Applied music studios
I have seen this tendency in a few music studios: the studio teachers are at times set up as though they are beyond questioning. They supposedly have the answers to everything about the instrument being studied. But they do not always have the answers, and each one’s teaching can be weaker than supposed. One may trumpet her methodologies and results, but the plain facts will almost always betray the fact that she is insufficient to meet some challenges, and she may be more run-of-the-mill than she would have you believe.
Actually, I’ve rarely perceived blatant, Machiavellian self-aggrandizement among studio teachers. They are smarter than that. The problems come when the students presume their teachers are near-deities. And the problems are compounded when the system (e.g., academic, cultural, social) presumes that the students must submit to every word, every opinion, every pronouncement — whether half-baked or fully cooked.

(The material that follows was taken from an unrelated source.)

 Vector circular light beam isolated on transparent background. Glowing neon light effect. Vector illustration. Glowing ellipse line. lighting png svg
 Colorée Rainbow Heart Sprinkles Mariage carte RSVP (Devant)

I also see this syndrome in the realm of religious professionals. As with the above group, the problem is more likely located among the so-called laity than among the clergy, though. In other words, it’s not that the professional priests and pastors and preachers really view themselves as infallible, super-examples of all that is good and holy; it’s that their flocks don’t question them enough.
To see clergy types as the humans they are would serve everyone’s purposes — the clergyperson’s, the layperson’s, and certainly God’s. They are as weak as the next person, although surely more literate and capable in many ways, and just as much in need of God’s grace.
In all of us, there is weakness and inconsistency. We have holes in our logic and gaps in our theology — and, most of all, hypocrisy in our lives’ ways and means. We cannot save ourselves — not from current-time disillusionment or hopelessness, and not from the wrath to come. We are weak, and we are insufficient, and this is the intended status quo, this side of eternity.